In light of two deadly crashes and the questionable handling of each incident, beleaguered Malaysia Airlines faces an uncertain road ahead. The state-run carrier is 70% government owned and the privately-held 30% will soon be acquired by the government. MH will be de-listed and a restructuring program to remake the airline will begin in earnest. Note that the carrier’s economic outlook was far from rosy before this year’s two deadly incidents: the carrier has lost over 1BN USD over the last three years.
So it doesn’t help when one of your chief pursers sexually assaults a passenger…
The story goes like this: an Australian woman boards an Airbus A380 in Kuala Lumpur bound for Paris and lets the crew know that she is apprehensive of flying in light of the two recent tragedies. The crew tries to calm her although the chief purser seemed to go a bit too far–
The steward sat beside her and sexually assaulted her under the pretext of “comforting” her, she said, according to a source close to the French probe.

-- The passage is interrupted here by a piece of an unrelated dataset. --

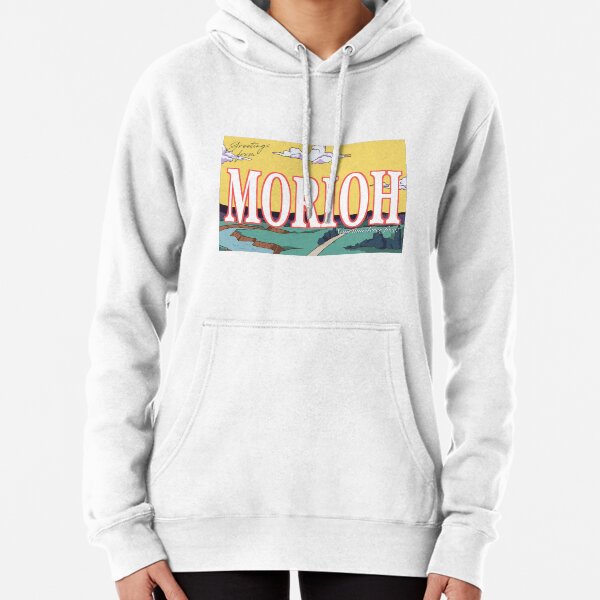 Grüße aus Morioh Hoodie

French authorities are handling the investigation and the carrier released a statement saying in part, “Malaysia Airlines expects and accepts nothing short of the highest standards of conduct from its crew and takes any such allegations very seriously.”
One bad apple does not a rotten tree make, but the carrier certainly face a fundamental problem of leadership and discernment:
1. A botched investigation over the disappearance of MH370
2. Flying over war-torn Eastern Ukraine despite warnings about air safety
3. High labor costs compared to competition and an inefficient fleet
4. Personnel (the chief purser noted above) under criminal investigation
These are not just problems in and of themselves, but public relations problems for MH that compound to turn most people away.
I have had many – not just some, but many – clients contact me in light of the second downed aircraft to rebook previously booked Malaysia Airlines awards on different carriers.
So here is some friendly advice to the employees of Malaysia Airlines – your jobs are already on the chopping block and each negative news story only makes the loss of your job all the more likely. Perhaps the incident now under investigation was only a misunderstanding, a cultural difference between Malaysia and Australia (unlikely), but even if that is the case, an international airline fighting for survival should be aware of of the primacy of personal space in many western cultures and that unwarranted physical advances, even with the best of intentions, are never a good idea.
Malaysia Airlines has another mess to clean up and I only wish them the best going forward. But I also warn them that swift and decisive action is needed unless the state is wiling to continue to prop up a failed airline with the tax dollars of the Malaysian citizens.